* **Instructions to follow**:
Could you retype the lines below, starting at the line holding "Di Ujung Bengkayang, HUT" and stopping at the line holding "Additional image 25", inclusive? Copy them exactly and drop the images.

─── The records ───

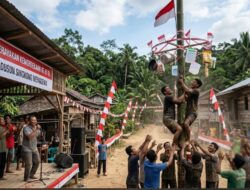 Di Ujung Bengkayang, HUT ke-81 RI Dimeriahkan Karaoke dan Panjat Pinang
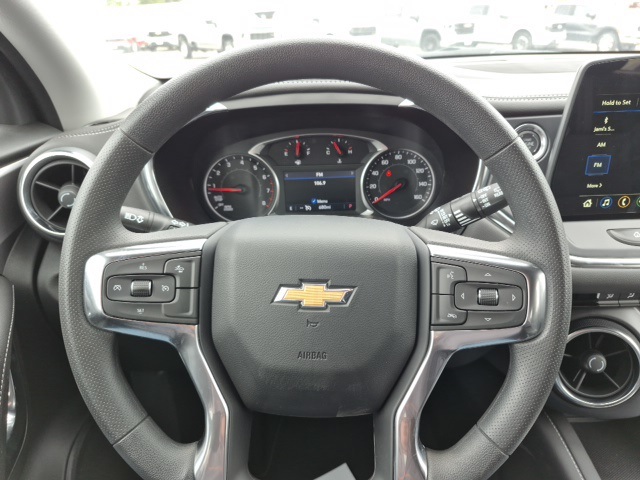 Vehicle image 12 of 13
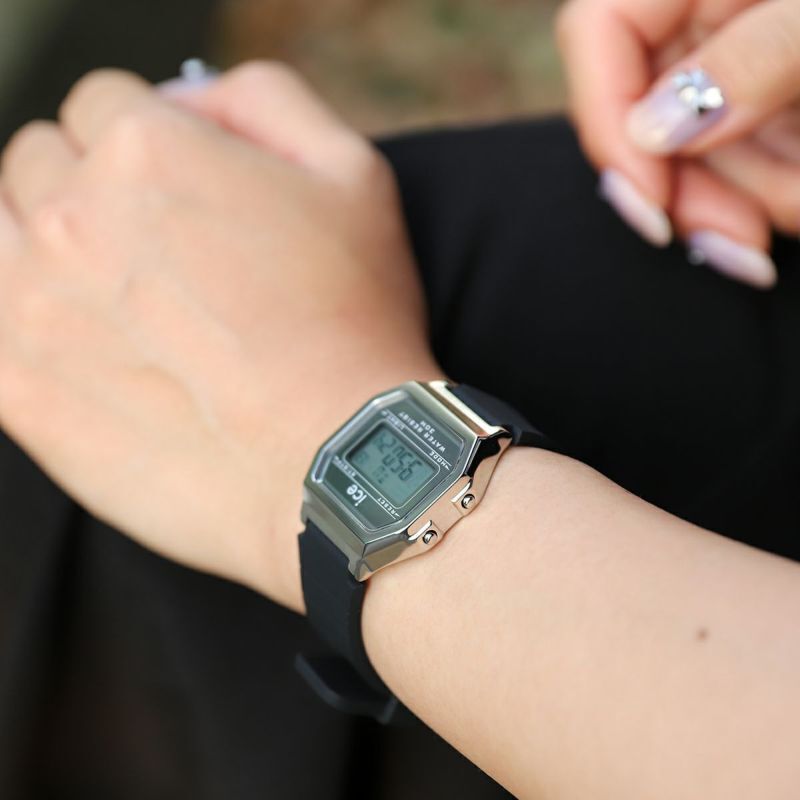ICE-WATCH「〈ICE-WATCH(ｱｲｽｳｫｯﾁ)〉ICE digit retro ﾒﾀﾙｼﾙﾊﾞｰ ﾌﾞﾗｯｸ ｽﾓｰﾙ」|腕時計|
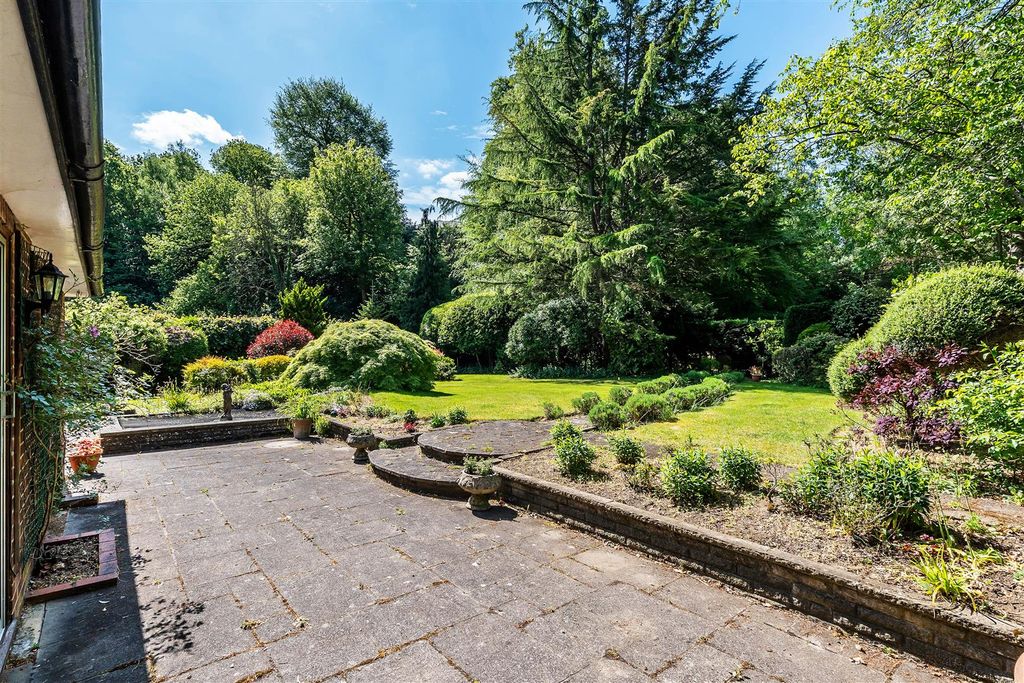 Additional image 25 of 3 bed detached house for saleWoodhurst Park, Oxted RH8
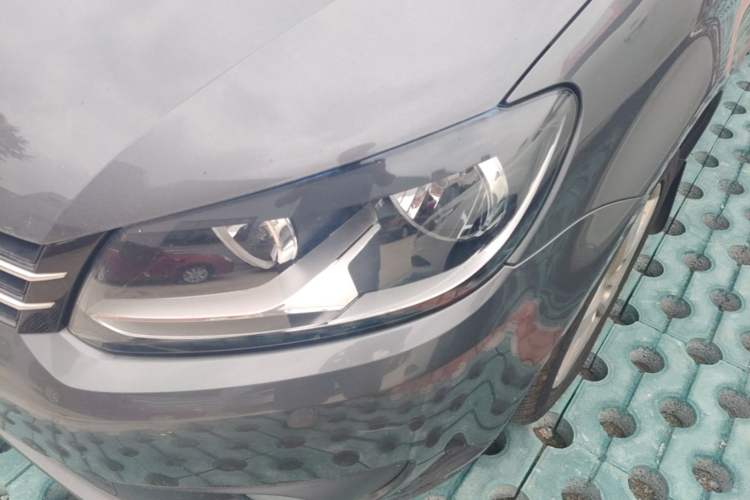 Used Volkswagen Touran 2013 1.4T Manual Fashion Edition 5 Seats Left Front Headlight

───
─── The records ───

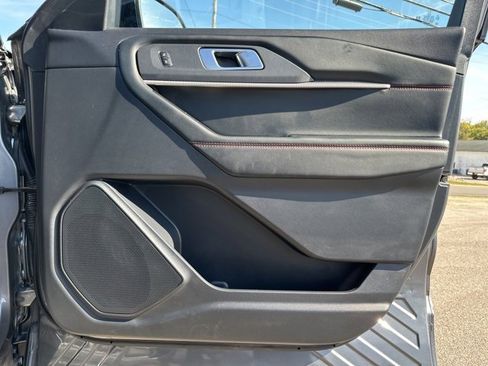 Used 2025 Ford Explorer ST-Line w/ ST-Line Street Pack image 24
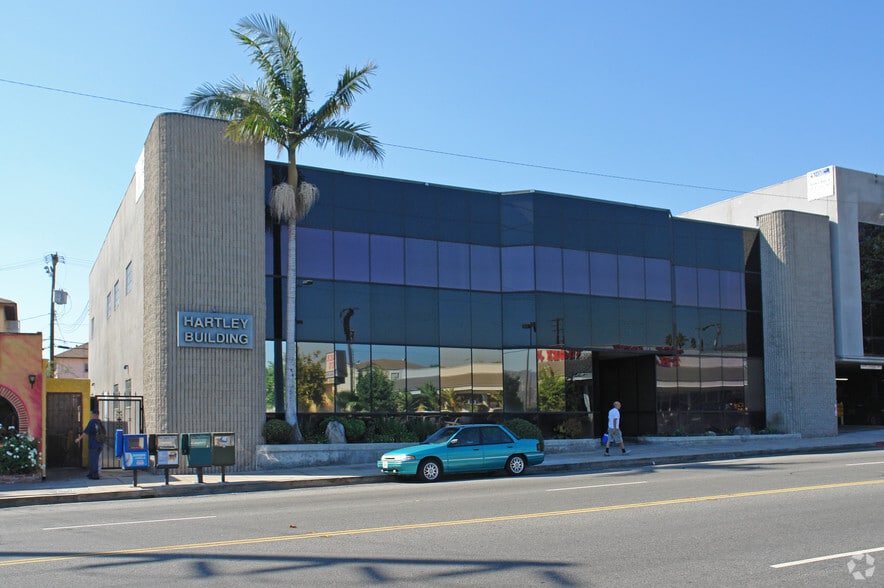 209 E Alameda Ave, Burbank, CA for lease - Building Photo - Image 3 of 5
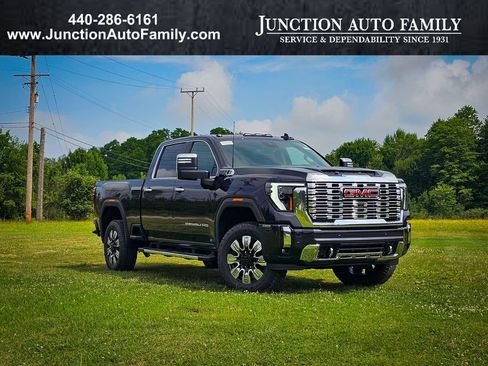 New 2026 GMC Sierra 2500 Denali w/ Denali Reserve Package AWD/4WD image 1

───

* **Task solution**:
 Di Ujung Bengkayang, HUT ke-81 RI Dimeriahkan Karaoke dan Panjat Pinang
 Vehicle image 12 of 13
ICE-WATCH「〈ICE-WATCH(ｱｲｽｳｫｯﾁ)〉ICE digit retro ﾒﾀﾙｼﾙﾊﾞｰ ﾌﾞﾗｯｸ ｽﾓｰﾙ」|腕時計|
 Additional image 25 of 3 bed detached house for saleWoodhurst Park, Oxted RH8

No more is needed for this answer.